The 22nd Battalion, Virginia Infantry Regulars was raised in Virginia for service in the Confederate States Army during the American Civil War and, served as infantry. It fought mostly with the Army of Northern Virginia.

22nd Infantry Battalion was organized with six companies of the 2nd Regiment, Virginia Artillery. Converted to an Infantry Battalion in May 1862. It served in Field's, Heth's, and H.H. Walker's Brigade, and fought with the Army of Northern Virginia from Cedar Mountain to Cold Harbor, then was involved in the Petersburg siege south of the James River.

On December 22, 1864, the battalion was ordered to disband and its members distributed among other Virginia commands.
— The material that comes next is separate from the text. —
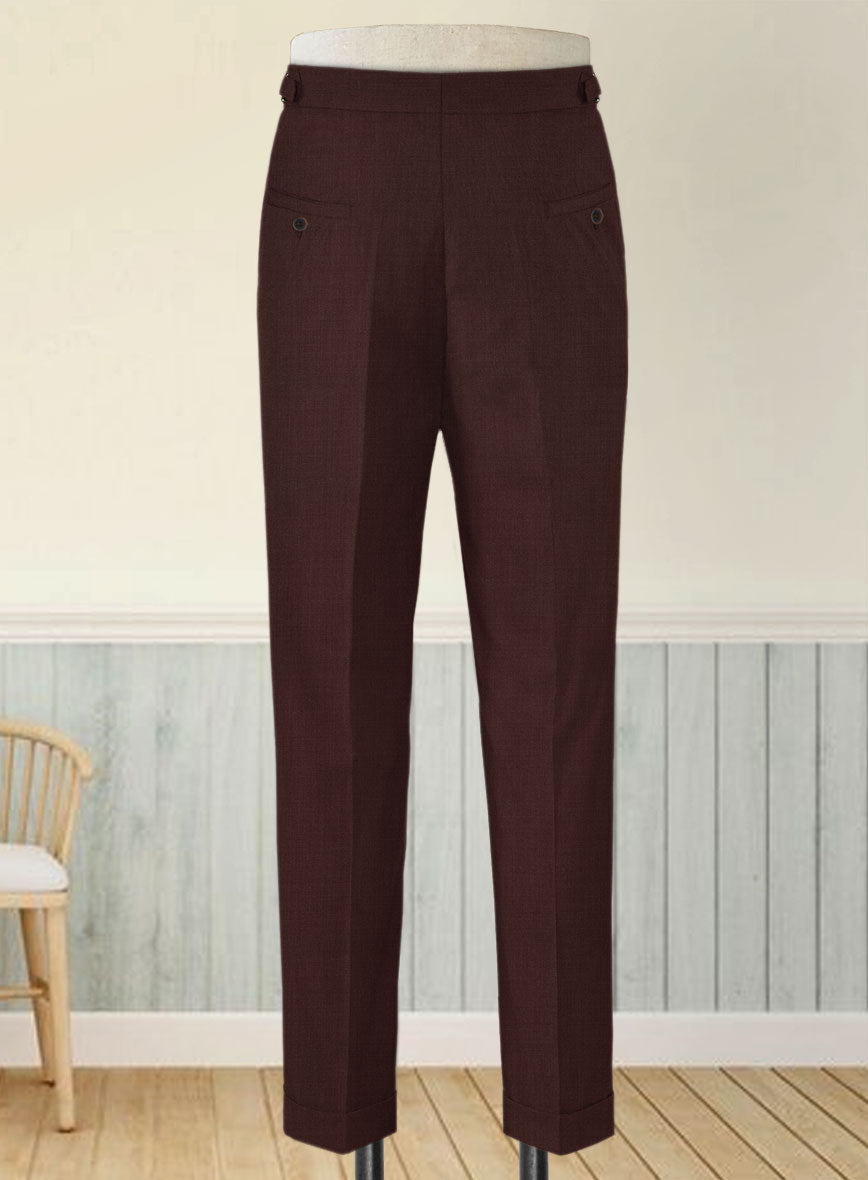 Stretch Wine Wool Highland Trousers - StudioSuits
The order was not carried out and most of the battalion was captured at Saylors Creek on April 6, 1865 as part Barton's Brigade, G. W. C. Lee's Division, Department of Richmond (Ewell's Corps), while the remaining 13 men, all privates, surrendered and received their paroles at Appomattox on April 9.

It reported 7 casualties at Cedar Mountain, 22 at Second Manassas, 27 at Fredericksburg, and 29 at Chancellorsville. Ten percent of the 237 engaged at Gettysburg were disabled.

The field officers were Lieutenant Colonels James C. Johnson and Edward P. Tayloe, and Major John S. Bowles.